There's a way to do it, although it is not as direct as I'd like it to be
Maybe it's helpful to wrap that code snippet as a plot_top_losses
function, kind of what fastai does?
Hi @vrodriguezf, I agree it may be useful. I'll add it to the list of ideas.
I believe this should be implemented as plot_best_losses and plot_worst_losses, with the option to select one or multiple classes.
IIRC, fastai has just one plot_top_losses, and one argument to choose whether you want top best or top worst
Hi, I've just added 2 new learner methods: top_losses and plot_top_learner. You just need to pass X and y and select k (number of losses) and largest (True for highest or Flase for lowest). I think these address the enhancement requested before.
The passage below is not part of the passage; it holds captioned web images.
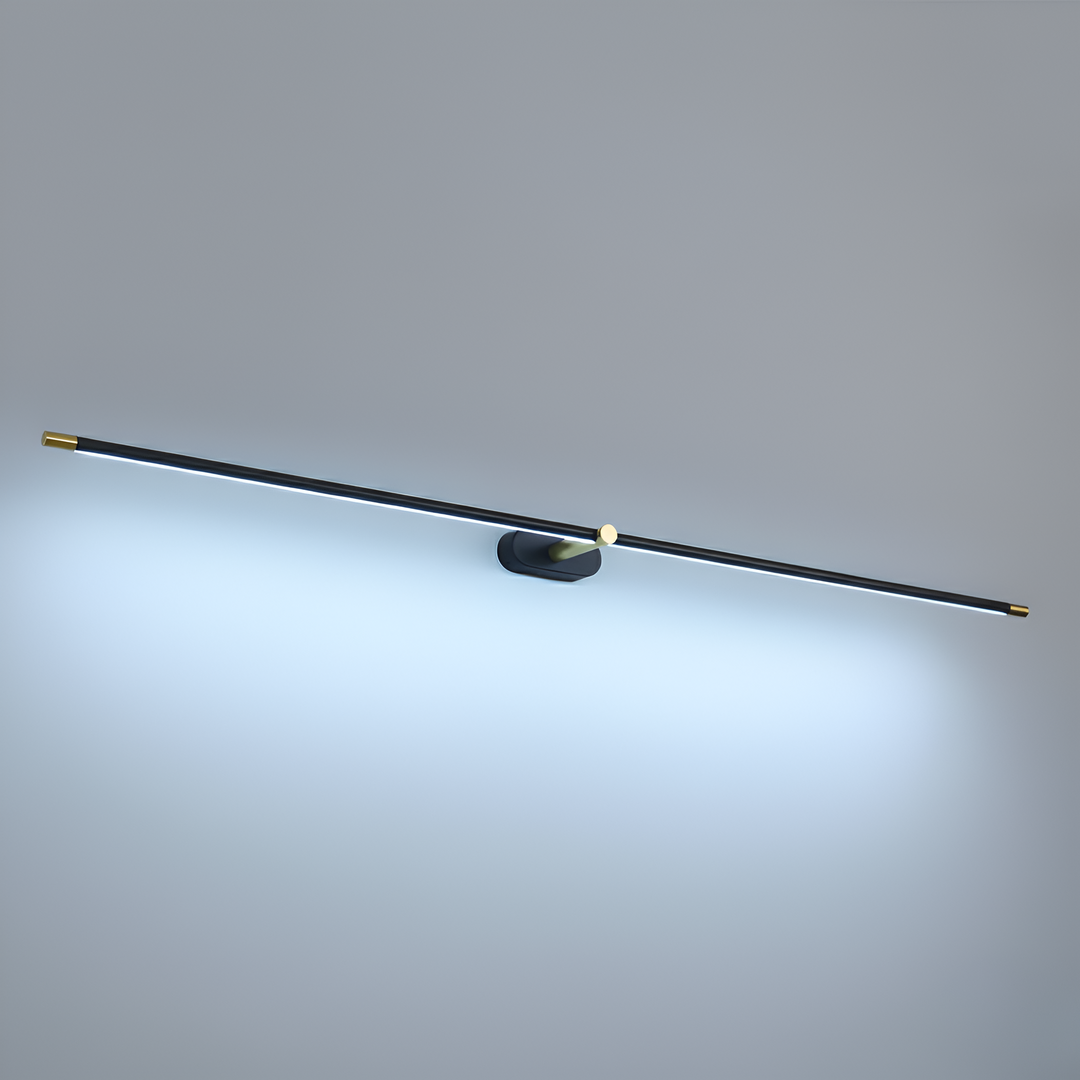 Närbild på modern LED-vägglampa i svart och guld, visar den eleganta finishen och minimalistiska designen.
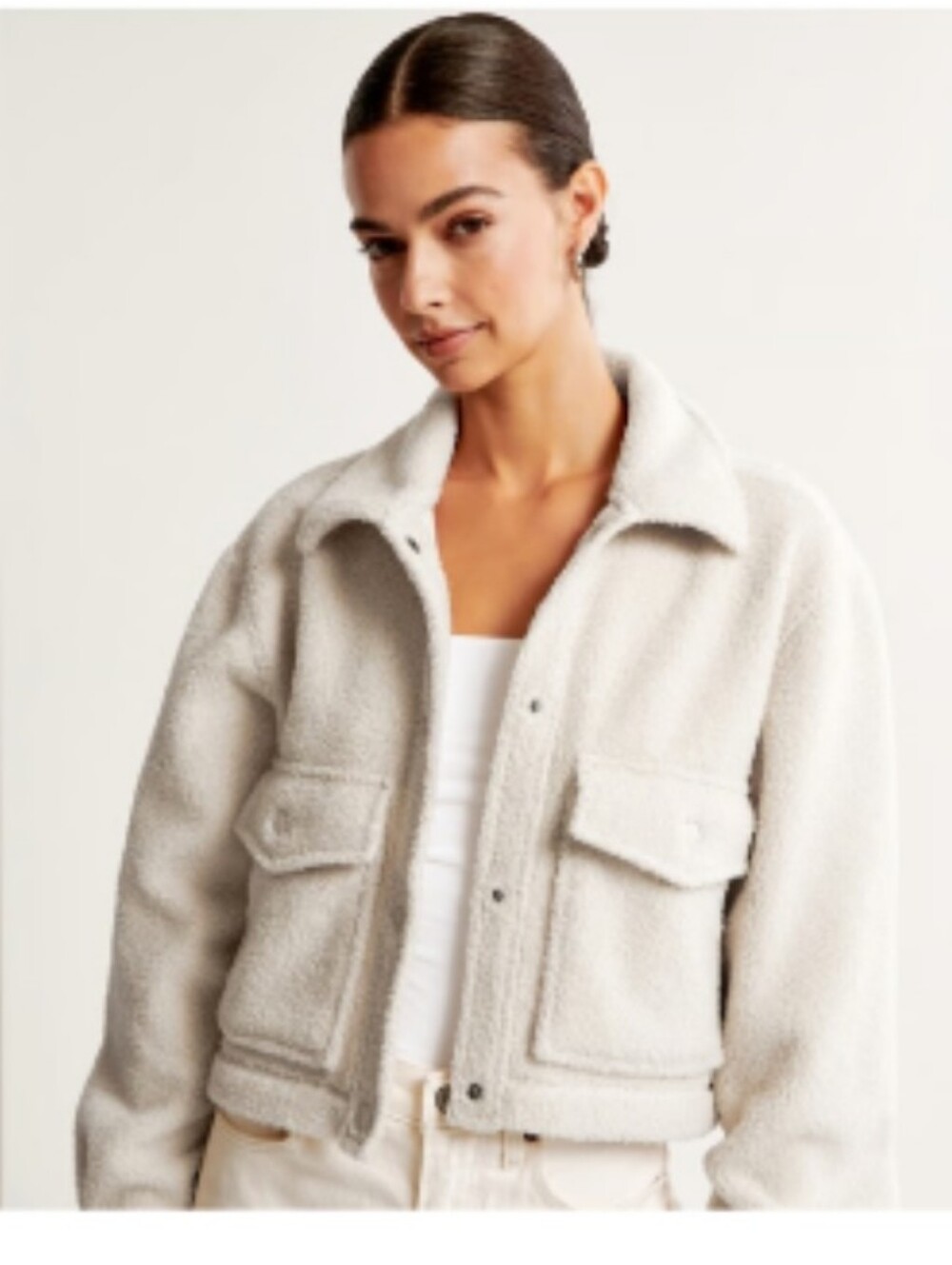 Abercrombie & Fitch Cropped Sherpa Shirt Jacket in Cream Size Small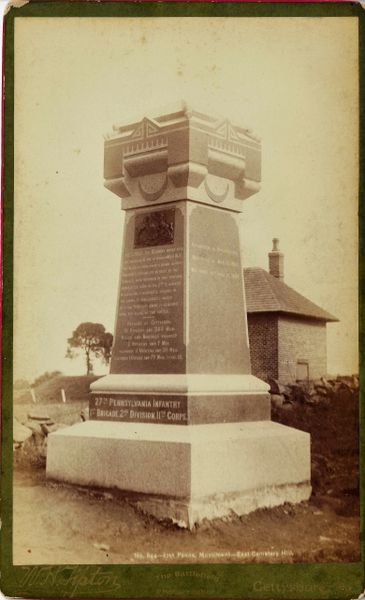 Cabinet Card Albumen of the 27th PA Infantry Monument / Sold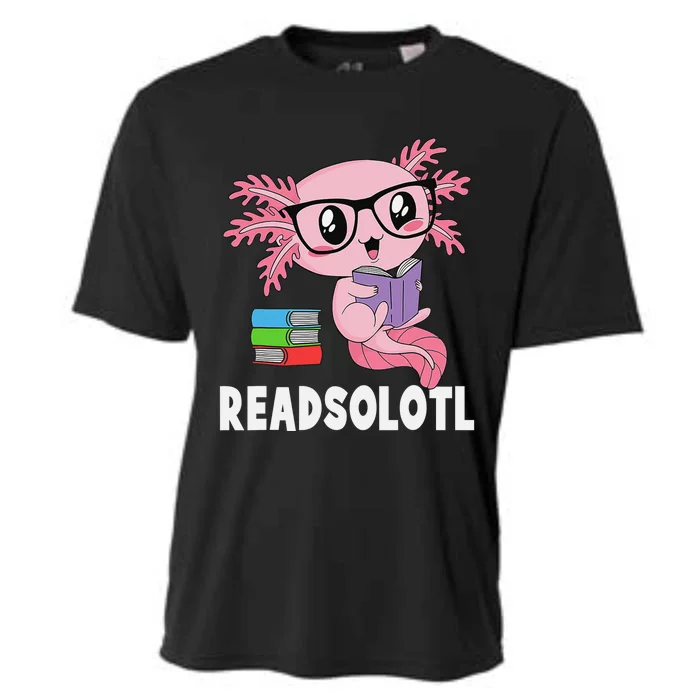 Readsolotl Read Book Funny Kawaii Pink Axolotl Reading Books Cooling Performance Crew T-Shirt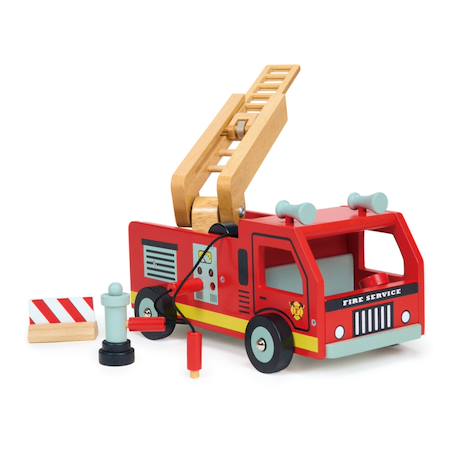 Camion de pompiers en bois Multicolor 1 - vertbaudet enfant 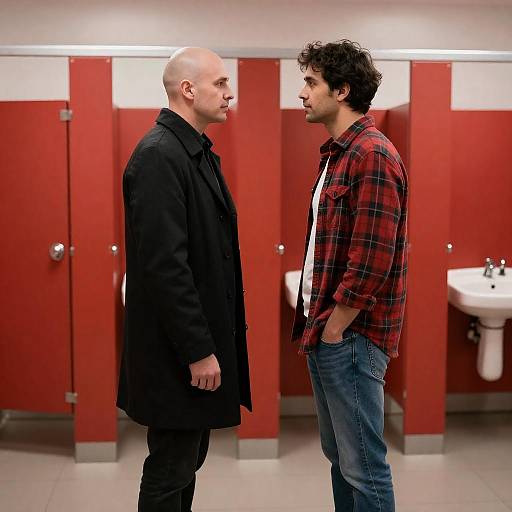 Confrontation in a Bright Red Bathroom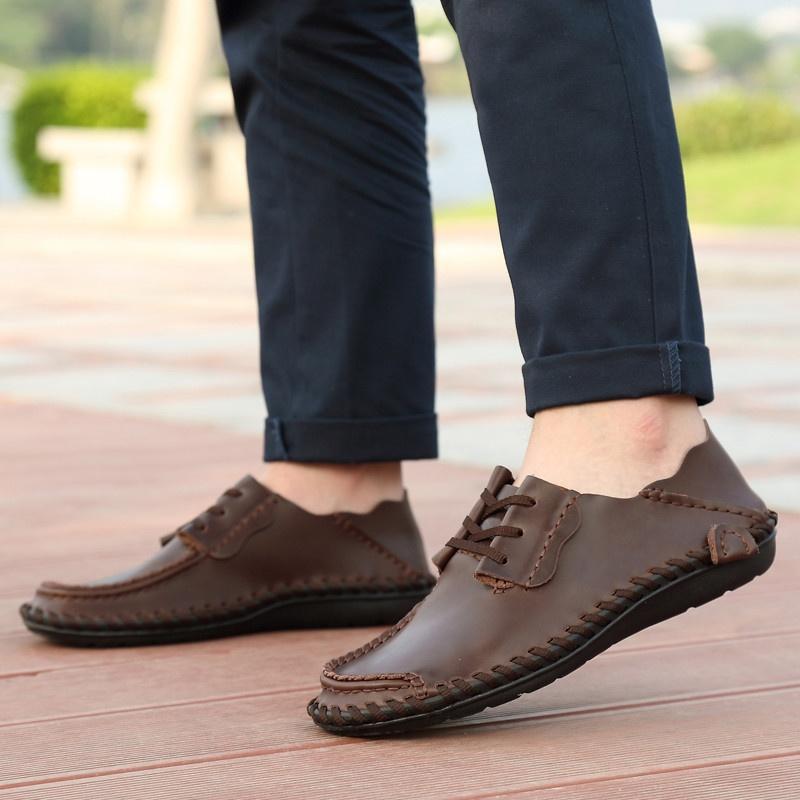 Men Shoes Casual Leather Shoes Men Flats Black Luxury Men Shoes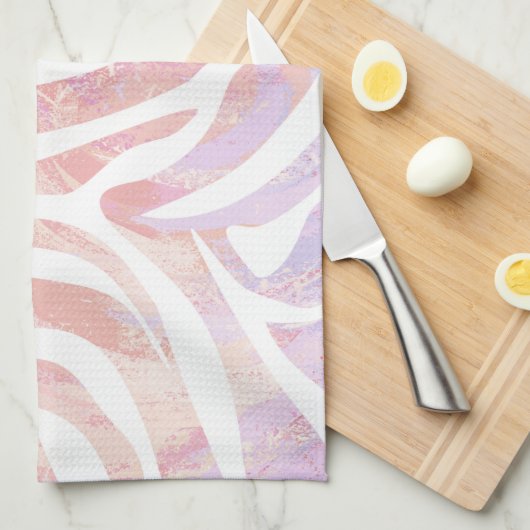 Zebra roze en witte afdrukken theedoek (Quarter Fold)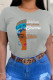 Grey Casual Street Print Patchwork O Neck T-Shirts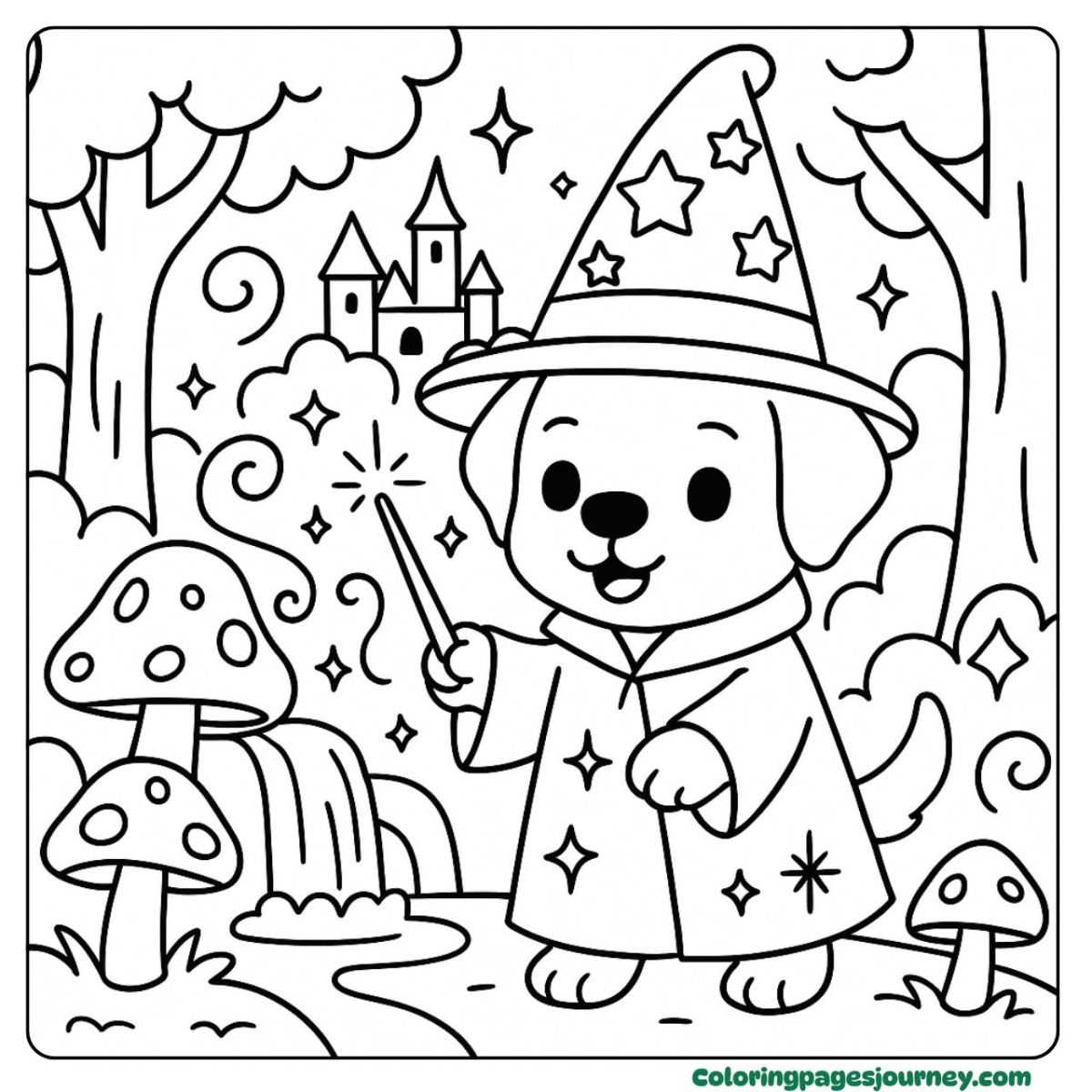 A Labrador Retriever coloring page in a magical forest A Labrador Retriever coloring page casting spells in the woods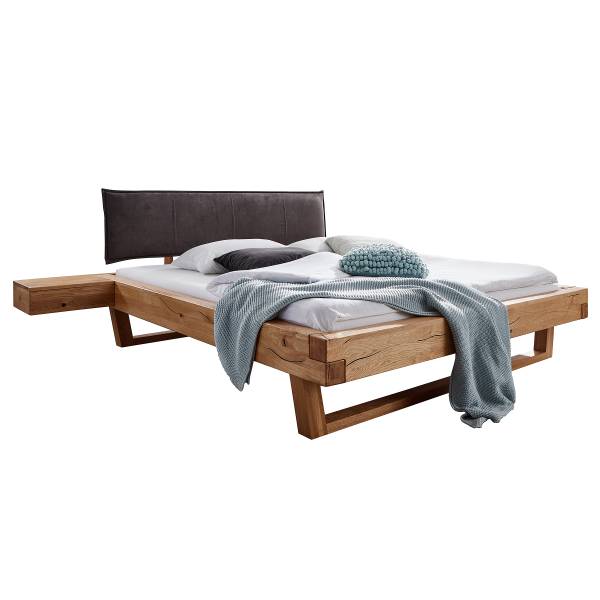 Letto Wadon - Testiera imbottita Microfibra - Grigio / Rovere - 160 x 200cm - Quercia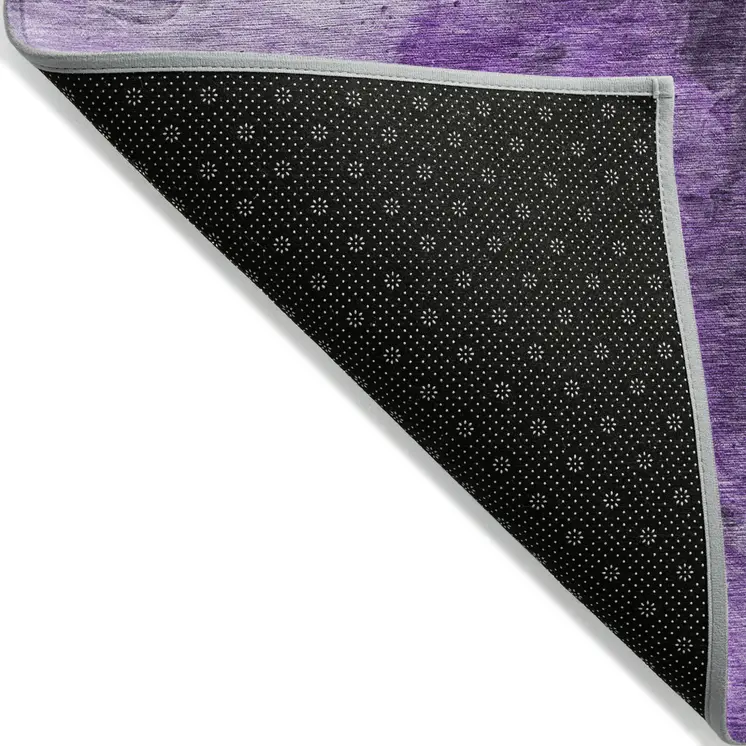 8' X 10' Purple Lilac And Eggplant Abstract Washable Indoor Outdoor Area Rug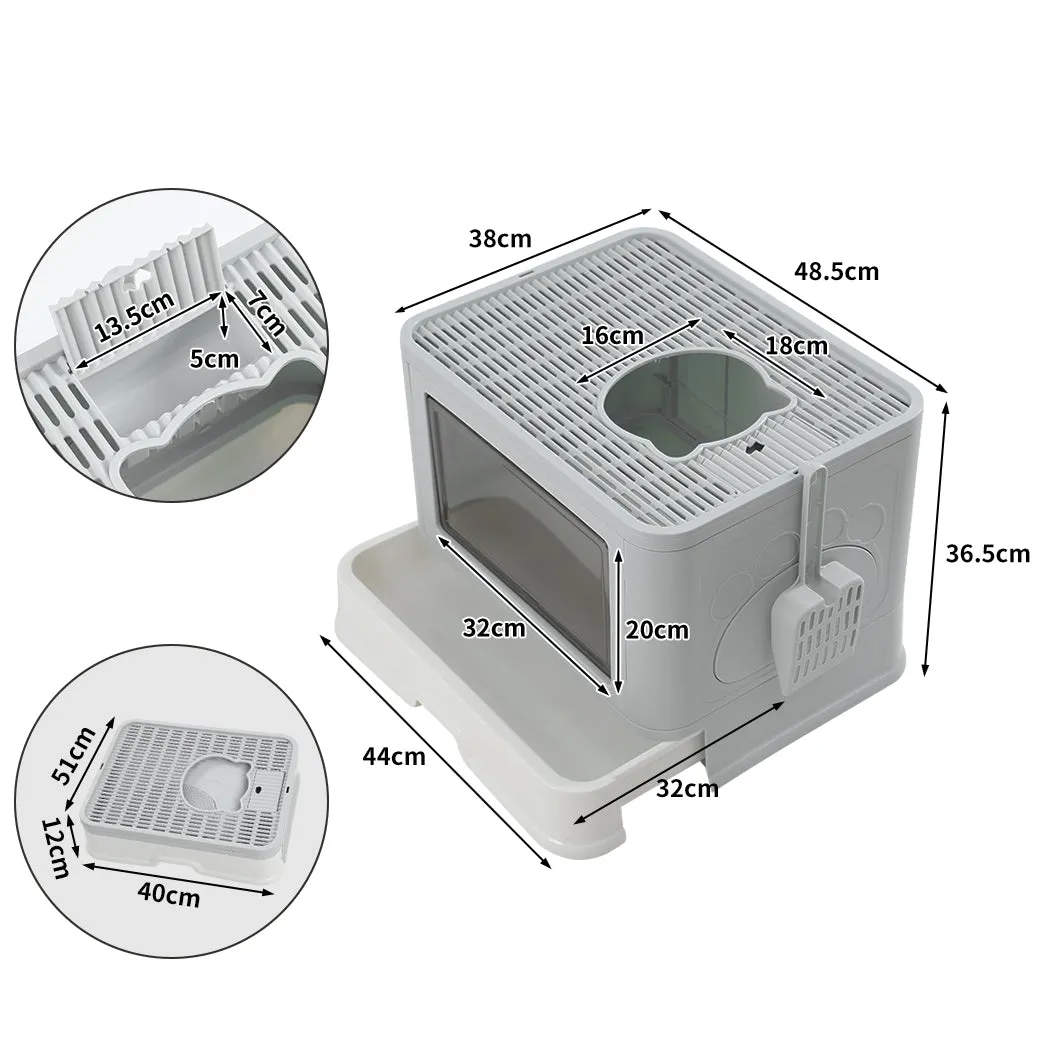 PaWz Foldable Cat Litter Box Tray Enclosed Grey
I've tested it and it seems to work well. cc: @AnthonyFang623 , @vrodriguezf
learn.top_losses(X[splits[1]], y[splits[1]], k=9, largest=True)
learn.plot_top_losses(X[splits[1]], y[splits[1]], k=9, largest=True)
Amazing Ignacio! I like it even more than the fastai version, since it's patched directly in the learner and does not need of a separate Interpretation object :)
I am wondering if the net could record the wrong predictions of the dataset? So maybe I can find a pattern from the wrong files and adjust my method of preprocessing data.